An intense solar storm causing aurora borealis will also provide occasional propagation enhancement to HF-low band radio waves. Aurorae only occasionally affect signals on the 2 metre band. Signals are often distorted and on the lower frequencies give a curious "watery sound" to normally propagated HF signals. Peak signals usually come from the north, even if the signal originates from a station to the east or west of the receiver. This effect is most significant in the latitudes north of 45 degrees.

Moon bounce (Earth-Moon-Earth)

Amateurs do successfully communicate by bouncing their signals off the surface of the Moon, called Earth-Moon-Earth transmission.
The mode requires moderately high power and a fairly large, high-gain antenna because round-trip path loss is on the order of 270 dB for 70 cm signals. Return signals are weak and distorted because of the relative velocities of the transmitting station, Moon and the receiving station.

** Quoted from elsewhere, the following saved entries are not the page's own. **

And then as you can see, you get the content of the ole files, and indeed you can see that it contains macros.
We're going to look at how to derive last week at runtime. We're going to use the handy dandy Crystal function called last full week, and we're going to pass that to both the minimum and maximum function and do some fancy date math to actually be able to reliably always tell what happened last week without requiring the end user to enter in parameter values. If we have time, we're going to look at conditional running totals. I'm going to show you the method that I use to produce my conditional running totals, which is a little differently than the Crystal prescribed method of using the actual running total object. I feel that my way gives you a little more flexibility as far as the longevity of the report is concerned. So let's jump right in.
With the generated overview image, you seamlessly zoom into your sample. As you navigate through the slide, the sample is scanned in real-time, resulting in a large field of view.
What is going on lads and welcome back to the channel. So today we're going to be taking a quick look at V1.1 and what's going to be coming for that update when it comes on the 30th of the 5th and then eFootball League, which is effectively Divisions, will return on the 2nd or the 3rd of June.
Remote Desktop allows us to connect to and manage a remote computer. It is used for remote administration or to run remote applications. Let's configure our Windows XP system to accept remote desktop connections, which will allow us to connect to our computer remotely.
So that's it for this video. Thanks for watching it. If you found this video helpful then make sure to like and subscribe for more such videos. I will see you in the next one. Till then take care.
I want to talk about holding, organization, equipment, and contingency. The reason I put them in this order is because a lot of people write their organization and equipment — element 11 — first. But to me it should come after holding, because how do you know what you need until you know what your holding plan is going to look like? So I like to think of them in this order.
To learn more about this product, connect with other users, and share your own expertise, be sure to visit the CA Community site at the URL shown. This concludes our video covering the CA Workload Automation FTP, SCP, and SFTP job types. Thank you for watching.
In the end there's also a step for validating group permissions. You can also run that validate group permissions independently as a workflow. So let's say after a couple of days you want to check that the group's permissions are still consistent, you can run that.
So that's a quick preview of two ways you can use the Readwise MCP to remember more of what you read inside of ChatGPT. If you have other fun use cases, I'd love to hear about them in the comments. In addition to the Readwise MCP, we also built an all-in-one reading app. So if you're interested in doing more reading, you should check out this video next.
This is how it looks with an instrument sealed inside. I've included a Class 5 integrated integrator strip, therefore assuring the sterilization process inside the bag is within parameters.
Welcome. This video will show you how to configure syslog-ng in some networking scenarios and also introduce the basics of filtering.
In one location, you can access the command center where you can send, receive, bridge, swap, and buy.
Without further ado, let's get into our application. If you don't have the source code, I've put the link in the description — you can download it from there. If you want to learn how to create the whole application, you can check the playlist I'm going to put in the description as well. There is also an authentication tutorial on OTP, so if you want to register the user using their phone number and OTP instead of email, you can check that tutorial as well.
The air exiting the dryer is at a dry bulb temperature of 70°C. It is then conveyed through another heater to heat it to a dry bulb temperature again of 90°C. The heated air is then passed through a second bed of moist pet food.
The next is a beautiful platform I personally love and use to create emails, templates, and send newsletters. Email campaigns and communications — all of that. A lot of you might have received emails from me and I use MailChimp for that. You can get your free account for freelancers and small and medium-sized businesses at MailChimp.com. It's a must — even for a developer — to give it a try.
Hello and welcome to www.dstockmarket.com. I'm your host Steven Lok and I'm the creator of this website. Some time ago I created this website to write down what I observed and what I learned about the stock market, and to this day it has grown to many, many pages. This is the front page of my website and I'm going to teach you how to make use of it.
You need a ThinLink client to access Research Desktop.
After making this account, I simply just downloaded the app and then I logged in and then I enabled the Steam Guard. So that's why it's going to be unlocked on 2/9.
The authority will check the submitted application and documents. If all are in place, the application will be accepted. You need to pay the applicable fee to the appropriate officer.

The Moon's surface is also very rocky and irregular.
Because of the weak, distorted return signals, Moon bounce communications use digital modes. For example, old-fashioned Morse code or modern JT65, designed for working with weak signals.

Satellite relay

is not really a propagation mode, but rather an active repeater system. Satellites have been highly successful in providing VHF/UHF/SHF users "propagation" beyond the horizon.
Amateurs have sponsored the launch of dozens of communications satellites since the 1970s. These satellites are usually known as OSCARs. Also, the ISS has amateur radio repeaters and radio location services on board.

Amateur television

Amateur television is the hobby of transmitting broadcast-compatible video and audio by amateur radio. It also includes the study and building of such transmitters and receivers and the propagation between these two.
In NTSC countries, ATV operation requires the ability to use a 6 MHz wide channel. All bands at VHF or lower are less than 6 MHz wide, so ATV operation is confined to UHF and up. Bandwidth requirements will vary from this for PAL and SECAM transmissions.
ATV operation in the 70 cm band is particularly popular, because the signals can be received on any cable-ready television. Operation in the 33 cm and 23 cm bands is easily augmented by the availability of various varieties of consumer-grade wireless video devices that exist and operate in unlicensed frequencies coincident to these bands.
Repeater ATV operation requires specially-equipped repeaters.

Below the MW broadcast band

Historically, amateur stations have rarely been allowed to operate on frequencies lower than the medium-wave broadcast band, but in recent times, as the historic users of these low frequencies have been vacating the spectrum, limited space has opened up to allow for new amateur radio allocations and special experimental operations.
Since parts of the 500 kHz band are no longer used for regular maritime communications, some countries permit amateur radio radiotelegraph operations in that band. Many countries, however, continue to restrict these frequencies which were historically reserved for maritime and aviation distress calls.
The band is available for use in several countries, and the 2007 World Radiocommunication Conference recommended it as a worldwide amateur allocation. Before the introduction of the band in the U.K. in 1998, operation on the even lower frequency of 73 kHz, in the LF time signal band, was allowed from 1996–2003.